**Information given**

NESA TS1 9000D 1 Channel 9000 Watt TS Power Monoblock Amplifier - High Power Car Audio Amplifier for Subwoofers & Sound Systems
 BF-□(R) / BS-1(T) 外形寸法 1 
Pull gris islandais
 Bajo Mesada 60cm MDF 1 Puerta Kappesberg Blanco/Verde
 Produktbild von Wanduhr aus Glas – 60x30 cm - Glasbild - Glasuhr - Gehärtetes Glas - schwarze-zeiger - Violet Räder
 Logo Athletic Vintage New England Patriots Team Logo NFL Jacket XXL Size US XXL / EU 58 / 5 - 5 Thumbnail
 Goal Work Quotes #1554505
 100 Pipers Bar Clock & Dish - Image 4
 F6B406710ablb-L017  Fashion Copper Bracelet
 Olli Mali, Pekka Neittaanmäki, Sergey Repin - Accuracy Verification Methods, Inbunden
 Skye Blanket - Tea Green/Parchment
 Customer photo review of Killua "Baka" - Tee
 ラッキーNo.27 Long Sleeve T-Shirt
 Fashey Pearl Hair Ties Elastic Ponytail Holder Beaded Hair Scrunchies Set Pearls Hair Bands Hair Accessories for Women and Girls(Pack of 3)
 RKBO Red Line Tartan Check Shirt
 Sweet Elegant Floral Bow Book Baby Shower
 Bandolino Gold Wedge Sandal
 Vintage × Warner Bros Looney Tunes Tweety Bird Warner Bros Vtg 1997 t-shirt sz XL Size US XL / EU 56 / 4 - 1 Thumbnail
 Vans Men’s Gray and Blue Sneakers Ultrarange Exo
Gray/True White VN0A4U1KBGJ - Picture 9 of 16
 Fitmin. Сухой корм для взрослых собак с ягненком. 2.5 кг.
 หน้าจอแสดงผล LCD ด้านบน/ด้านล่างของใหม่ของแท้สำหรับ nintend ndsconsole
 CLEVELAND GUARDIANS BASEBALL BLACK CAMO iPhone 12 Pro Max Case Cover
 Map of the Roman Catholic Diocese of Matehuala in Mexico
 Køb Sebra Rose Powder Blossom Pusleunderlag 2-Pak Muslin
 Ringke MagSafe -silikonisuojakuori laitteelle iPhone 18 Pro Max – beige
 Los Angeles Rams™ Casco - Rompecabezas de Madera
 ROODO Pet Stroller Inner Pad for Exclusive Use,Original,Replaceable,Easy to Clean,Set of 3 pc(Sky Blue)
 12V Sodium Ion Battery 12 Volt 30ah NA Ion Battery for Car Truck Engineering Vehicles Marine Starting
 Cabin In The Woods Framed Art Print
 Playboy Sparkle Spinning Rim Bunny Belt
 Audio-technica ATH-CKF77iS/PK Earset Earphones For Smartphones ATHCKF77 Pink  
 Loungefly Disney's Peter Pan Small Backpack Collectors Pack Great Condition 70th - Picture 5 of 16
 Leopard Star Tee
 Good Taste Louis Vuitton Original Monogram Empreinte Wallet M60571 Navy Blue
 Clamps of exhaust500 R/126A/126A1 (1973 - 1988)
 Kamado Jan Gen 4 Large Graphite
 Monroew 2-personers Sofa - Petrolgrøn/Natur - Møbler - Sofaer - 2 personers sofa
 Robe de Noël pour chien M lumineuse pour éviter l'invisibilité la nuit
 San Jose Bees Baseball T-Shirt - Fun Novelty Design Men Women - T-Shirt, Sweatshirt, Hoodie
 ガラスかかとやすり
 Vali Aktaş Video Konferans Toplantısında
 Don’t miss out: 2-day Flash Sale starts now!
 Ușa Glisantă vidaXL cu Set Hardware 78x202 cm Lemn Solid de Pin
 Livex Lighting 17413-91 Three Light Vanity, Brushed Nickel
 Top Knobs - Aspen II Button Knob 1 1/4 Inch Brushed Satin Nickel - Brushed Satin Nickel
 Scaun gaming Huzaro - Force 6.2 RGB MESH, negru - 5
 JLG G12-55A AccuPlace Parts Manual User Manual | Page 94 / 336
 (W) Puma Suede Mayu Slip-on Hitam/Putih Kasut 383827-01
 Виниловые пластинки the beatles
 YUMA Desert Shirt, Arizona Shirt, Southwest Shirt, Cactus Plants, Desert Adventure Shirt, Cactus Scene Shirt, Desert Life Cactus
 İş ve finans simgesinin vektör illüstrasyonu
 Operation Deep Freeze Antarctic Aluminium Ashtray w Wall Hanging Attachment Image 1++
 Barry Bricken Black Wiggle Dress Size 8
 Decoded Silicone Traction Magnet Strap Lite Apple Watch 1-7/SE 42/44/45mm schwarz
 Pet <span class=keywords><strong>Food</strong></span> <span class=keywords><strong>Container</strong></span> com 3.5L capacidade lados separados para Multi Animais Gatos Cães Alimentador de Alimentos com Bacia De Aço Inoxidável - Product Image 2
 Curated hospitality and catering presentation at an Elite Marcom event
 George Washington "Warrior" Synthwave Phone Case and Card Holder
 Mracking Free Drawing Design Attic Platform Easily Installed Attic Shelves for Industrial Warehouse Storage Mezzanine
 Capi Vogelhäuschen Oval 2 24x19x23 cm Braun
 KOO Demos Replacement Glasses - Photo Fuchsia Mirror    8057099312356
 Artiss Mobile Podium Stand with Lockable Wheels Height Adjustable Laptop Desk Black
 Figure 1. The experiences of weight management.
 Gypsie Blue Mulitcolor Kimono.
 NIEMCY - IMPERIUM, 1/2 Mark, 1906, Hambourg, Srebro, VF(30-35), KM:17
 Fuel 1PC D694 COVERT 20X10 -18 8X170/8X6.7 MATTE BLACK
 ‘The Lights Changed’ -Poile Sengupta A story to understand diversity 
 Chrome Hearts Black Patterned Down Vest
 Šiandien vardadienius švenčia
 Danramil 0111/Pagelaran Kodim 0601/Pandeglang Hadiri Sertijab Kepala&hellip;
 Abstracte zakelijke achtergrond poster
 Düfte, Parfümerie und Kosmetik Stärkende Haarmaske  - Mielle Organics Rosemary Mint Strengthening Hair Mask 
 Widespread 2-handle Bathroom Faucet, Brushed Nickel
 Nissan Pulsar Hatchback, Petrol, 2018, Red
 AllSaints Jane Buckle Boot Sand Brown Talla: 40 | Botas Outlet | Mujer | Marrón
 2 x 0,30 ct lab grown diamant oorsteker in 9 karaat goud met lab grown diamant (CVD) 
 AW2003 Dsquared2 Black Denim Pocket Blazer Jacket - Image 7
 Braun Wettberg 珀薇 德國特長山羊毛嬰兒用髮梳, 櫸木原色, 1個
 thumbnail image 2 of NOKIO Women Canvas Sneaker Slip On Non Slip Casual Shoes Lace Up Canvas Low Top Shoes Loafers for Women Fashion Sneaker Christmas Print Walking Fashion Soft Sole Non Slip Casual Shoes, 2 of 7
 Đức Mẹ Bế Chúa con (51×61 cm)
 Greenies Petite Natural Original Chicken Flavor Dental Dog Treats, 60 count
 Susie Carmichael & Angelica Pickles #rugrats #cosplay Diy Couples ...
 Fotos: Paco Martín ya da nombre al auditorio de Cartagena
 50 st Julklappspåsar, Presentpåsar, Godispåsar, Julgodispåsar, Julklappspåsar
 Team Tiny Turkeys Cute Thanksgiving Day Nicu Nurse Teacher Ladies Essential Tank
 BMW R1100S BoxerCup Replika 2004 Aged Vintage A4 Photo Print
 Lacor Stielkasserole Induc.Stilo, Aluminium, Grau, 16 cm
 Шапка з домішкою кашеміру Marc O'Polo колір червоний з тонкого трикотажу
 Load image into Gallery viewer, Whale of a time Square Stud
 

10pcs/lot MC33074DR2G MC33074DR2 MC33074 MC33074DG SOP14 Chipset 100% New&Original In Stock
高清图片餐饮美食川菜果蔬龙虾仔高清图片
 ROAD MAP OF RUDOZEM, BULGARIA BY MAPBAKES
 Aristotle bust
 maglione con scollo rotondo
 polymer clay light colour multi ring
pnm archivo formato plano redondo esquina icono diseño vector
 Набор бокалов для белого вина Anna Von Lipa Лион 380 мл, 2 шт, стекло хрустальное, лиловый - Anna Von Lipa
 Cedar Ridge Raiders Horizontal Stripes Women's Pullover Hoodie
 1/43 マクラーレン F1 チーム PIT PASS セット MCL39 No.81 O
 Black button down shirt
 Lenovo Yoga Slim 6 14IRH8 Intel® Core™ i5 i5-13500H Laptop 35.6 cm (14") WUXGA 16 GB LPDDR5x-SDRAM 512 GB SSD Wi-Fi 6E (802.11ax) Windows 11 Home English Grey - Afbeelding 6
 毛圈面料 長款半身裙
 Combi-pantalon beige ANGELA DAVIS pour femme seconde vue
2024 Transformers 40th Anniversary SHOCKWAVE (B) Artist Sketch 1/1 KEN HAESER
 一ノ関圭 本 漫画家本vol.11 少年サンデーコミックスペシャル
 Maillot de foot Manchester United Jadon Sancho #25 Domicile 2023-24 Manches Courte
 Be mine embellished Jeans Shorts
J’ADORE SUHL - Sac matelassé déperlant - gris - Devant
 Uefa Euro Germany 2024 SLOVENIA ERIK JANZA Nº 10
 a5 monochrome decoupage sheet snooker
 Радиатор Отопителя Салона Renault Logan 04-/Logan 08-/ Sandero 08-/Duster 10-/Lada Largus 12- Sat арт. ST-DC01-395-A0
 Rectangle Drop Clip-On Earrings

**Exercise aim**
Take the lines from the first line of the listing to the line containing "Vans Men’s Gray". Please print them exactly, ends included, with nothing else.

**Solution below**
NESA TS1 9000D 1 Channel 9000 Watt TS Power Monoblock Amplifier - High Power Car Audio Amplifier for Subwoofers & Sound Systems
 BF-□(R) / BS-1(T) 外形寸法 1 
Pull gris islandais
 Bajo Mesada 60cm MDF 1 Puerta Kappesberg Blanco/Verde
 Produktbild von Wanduhr aus Glas – 60x30 cm - Glasbild - Glasuhr - Gehärtetes Glas - schwarze-zeiger - Violet Räder
 Logo Athletic Vintage New England Patriots Team Logo NFL Jacket XXL Size US XXL / EU 58 / 5 - 5 Thumbnail
 Goal Work Quotes #1554505
 100 Pipers Bar Clock & Dish - Image 4
 F6B406710ablb-L017  Fashion Copper Bracelet
 Olli Mali, Pekka Neittaanmäki, Sergey Repin - Accuracy Verification Methods, Inbunden
 Skye Blanket - Tea Green/Parchment
 Customer photo review of Killua "Baka" - Tee
 ラッキーNo.27 Long Sleeve T-Shirt
 Fashey Pearl Hair Ties Elastic Ponytail Holder Beaded Hair Scrunchies Set Pearls Hair Bands Hair Accessories for Women and Girls(Pack of 3)
 RKBO Red Line Tartan Check Shirt
 Sweet Elegant Floral Bow Book Baby Shower
 Bandolino Gold Wedge Sandal
 Vintage × Warner Bros Looney Tunes Tweety Bird Warner Bros Vtg 1997 t-shirt sz XL Size US XL / EU 56 / 4 - 1 Thumbnail
 Vans Men’s Gray and Blue Sneakers Ultrarange Exo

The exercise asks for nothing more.